Immediately, a warm, yeasty aroma hit me. Unsurprisingly, I was the only patron. The young man behind the bar, took in my sodden, street-urchin appearance, and without a trace of disdain, offered me a tasting.

‘But I don’t really drink whisky,’ I protested. ‘Can I just stay in here until the rain passes?’

‘Sure,’ he replied. ‘But why not have a little taste, just to pass the time?’
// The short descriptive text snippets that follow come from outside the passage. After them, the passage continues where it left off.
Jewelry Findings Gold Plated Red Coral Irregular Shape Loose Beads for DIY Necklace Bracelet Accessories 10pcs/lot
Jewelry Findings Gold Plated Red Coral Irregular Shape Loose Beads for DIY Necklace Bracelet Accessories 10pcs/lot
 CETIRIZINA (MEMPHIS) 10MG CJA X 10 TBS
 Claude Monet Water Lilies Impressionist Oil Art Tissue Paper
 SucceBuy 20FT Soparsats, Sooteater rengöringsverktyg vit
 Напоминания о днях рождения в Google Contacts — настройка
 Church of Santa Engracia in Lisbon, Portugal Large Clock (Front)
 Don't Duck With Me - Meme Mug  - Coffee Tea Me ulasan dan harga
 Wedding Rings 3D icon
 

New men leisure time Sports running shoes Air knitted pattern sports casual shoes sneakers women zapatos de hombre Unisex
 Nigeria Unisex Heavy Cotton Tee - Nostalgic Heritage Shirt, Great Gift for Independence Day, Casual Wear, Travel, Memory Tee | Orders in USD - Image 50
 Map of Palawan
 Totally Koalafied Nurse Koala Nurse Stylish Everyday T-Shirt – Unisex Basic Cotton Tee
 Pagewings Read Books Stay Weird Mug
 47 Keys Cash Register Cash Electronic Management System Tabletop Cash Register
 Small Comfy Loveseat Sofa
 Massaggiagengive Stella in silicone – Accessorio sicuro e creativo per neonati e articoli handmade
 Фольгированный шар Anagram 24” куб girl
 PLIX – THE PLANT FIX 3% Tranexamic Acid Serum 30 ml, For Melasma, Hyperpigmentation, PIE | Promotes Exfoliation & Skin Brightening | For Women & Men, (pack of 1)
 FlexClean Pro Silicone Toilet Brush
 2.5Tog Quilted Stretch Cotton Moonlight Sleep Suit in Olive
He took a glass and bottle from the shelf behind him and sang a few lyrics of the Metallica song, ‘There’s whisky in the jar oh.’ He winked, and with that, I took a seat at the bar.  I felt somewhat lonely amongst the long row of empty bar stools. Clearly, they were used to a greater custom.

‘So what would you like to try?’ he asked.

‘I’m in your hands,’ I admitted. ‘What would you recommend?’

‘Let’s start with the single malt. It’s a classic,’ he advised.

He poured a sample into the glass. The glug-glug and almost syrupy quality of the liquid was mesmerising.

‘This whisky is double distilled in locally crafted copper-pot stills and aged in small, 100 litre oak casks. We store our spirits for 5-8 years in smaller barrels for faster maturation,’ he explained.

I took a sip and promptly spluttered. He laughed.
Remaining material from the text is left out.